NOT YOUR USUAL SUSPECTS

A group blog featuring an international array of killer mystery, suspense, and romantic suspense writers. With premises and story lines different from your run-of-the-mill whodunits, we tend to write outside the box. We blog several times a week on all topics relating to romantic suspense and mystery, our writing, and our readers. We welcome all comments and often have guest bloggers. All our authors can be contacted separately, too, using their own social media links.

We find our genre delightfully, dangerously, and deliciously exciting - join us here, if you do too!

NOTE: the blog is currently dormant but please enjoy the posts we're keeping online.


Julie Moffet . Cathy Perkins . Jean Harrington . Daryl Anderson . Nico Rosso . Maureen A Miller . Sandy Parks . Lisa Q Mathews . Sharon Calvin . Lynne Connolly . Janis Patterson . Vanessa Keir . Tonya Kappes . Julie Rowe . Joni M Fisher . Leslie Langtry

Friday, May 23, 2014

Is Heathcliff In Here?



Writers are often asked what is more important, character or plot?  In other words, are novels character-driven or plot-driven?  I guess there’s a reason for the question, but it seems to me the answer is always the same: Character is the whole monte.  Without a character, be it a volcano, a fish, a mermaid or a cowboy on a horse, there is no plot.  Character causes action.  Ergo question irrelevant.  Pretty basic writing 101.  And timeless in its logic.

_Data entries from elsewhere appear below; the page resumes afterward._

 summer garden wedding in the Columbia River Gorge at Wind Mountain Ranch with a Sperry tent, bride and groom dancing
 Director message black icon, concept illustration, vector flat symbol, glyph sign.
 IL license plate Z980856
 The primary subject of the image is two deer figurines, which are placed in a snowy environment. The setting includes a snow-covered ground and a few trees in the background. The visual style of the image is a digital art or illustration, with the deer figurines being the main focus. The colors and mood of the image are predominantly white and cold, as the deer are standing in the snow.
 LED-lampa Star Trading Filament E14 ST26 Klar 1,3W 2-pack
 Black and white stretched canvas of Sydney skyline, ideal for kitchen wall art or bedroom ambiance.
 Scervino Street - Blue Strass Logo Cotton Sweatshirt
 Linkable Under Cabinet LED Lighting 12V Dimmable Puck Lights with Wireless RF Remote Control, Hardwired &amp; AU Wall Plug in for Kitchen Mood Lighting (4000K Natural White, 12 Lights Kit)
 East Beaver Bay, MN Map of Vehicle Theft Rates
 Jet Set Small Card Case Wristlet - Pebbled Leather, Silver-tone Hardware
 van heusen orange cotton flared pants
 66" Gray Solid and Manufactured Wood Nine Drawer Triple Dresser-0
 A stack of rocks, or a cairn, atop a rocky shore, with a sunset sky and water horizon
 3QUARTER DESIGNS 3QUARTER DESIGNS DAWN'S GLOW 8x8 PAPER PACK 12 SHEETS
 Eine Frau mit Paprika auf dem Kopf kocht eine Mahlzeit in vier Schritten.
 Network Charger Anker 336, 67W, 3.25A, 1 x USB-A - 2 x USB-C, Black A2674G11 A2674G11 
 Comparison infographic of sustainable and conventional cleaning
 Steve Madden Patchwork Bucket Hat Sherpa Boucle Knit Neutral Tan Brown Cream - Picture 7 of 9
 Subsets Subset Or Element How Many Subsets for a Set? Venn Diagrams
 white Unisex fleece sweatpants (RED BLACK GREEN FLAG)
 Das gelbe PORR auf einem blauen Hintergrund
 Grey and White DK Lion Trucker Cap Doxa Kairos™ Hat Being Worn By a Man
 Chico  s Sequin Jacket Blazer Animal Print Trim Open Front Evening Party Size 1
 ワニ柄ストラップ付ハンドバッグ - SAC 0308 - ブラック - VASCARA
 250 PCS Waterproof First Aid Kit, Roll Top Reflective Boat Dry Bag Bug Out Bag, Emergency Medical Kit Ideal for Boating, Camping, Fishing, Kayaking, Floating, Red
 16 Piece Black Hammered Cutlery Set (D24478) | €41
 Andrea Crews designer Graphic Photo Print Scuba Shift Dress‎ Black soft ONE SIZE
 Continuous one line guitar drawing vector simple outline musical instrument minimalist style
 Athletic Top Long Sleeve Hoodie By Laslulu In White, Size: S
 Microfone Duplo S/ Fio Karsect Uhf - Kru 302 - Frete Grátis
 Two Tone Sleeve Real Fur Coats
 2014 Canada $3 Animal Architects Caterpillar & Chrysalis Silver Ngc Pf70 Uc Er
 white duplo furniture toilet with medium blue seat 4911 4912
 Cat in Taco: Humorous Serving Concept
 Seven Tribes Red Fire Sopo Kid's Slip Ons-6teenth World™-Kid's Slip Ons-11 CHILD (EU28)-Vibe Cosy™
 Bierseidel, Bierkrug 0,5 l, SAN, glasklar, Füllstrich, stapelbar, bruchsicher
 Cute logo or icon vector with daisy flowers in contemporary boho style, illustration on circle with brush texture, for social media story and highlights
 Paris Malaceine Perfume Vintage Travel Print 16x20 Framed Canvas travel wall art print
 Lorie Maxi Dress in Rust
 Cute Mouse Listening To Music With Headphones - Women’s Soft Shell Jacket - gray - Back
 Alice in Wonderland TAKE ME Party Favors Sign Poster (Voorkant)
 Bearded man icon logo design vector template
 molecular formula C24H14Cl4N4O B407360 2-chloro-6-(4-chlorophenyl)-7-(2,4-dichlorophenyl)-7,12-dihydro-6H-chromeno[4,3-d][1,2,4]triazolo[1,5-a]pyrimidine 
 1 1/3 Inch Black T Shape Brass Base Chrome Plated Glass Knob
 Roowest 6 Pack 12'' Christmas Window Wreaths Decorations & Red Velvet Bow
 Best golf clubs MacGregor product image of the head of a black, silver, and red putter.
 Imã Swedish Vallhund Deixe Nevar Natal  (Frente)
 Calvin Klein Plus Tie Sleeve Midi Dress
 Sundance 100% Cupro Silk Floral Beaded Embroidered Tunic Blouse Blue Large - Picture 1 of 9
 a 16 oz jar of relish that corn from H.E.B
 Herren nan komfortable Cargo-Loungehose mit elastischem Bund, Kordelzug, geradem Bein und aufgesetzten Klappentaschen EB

            Regarding this subject, one of the legends I’ve most enjoyed reading is the (possibly apocryphal) story concerning Emily Bronte.  When asked how such a sheltered, proper young woman, a governess and daughter of a clergyman, could possibly have created a character with the wild passion and force of Heathcliff, she replied, “I am Heathcliff.” 

Don’t you love it?  She’d bonded totally with her creation.  Maybe when she sat down to write on the moors, in the family outhouse (there was an outhouse) or on a wooden chair in her cold, fireless room, she went into the zone of imagining, loving, and becoming her character.  She entered Heathcliff’s head and heart.  As the ink bled onto the paper, they lived and longed and suffered as one. 

While kneeling at the feet of Emily Bronte’s genius, I strive, like most writers, to reach that same deep zone of togetherness with my characters.  At the moment, for example, Deva Dunne, the amateur sleuth in my Murders by Design Mystery Series and I have bonded though she’s younger and has better legs.  But these are superficial differences.  In our hearts, we are one and share the same pen.   And not incidentally, together we have just completed number five in our cozy mystery series, The Design Is Murder.  It’s due out in November, and we’re both really looking forward to it!


The first four in Jean Harrington’s Naples-set, light-hearted mysteries featuring amateur sleuth interior designer Deva Dunne and studly Detective Rossi as her go-to hero are available on Amazon as e-books for your Kindle, Nook and iPad. 

5 comments:

Rita said...

I always thought that question was ree-dick-you-less. How can you have a story with a character. Their story IS the plot.
Thoughtful post. Thanks

Anne Marie Becker said...

I love Emily Bronte's comment. "I am Heathcliff." After all, we can only write what we know and understand...or what we seek to understand. Though I write chilling villains, what I know comes from my experience and education. That's why I love to learn - because it broadens the boundaries of my imagination. :)

Elise Warner said...

I too love and wholeheartedly agree with Emily Bronte's comment. Right and write on.

jean harrington said...

Thanks Rita and all. A comment of my own. Rita's Wednesday post with its sensitive praise for our military men is the one that I wish had been posted today. It's so timely and right for our very beautiful national day of memorial.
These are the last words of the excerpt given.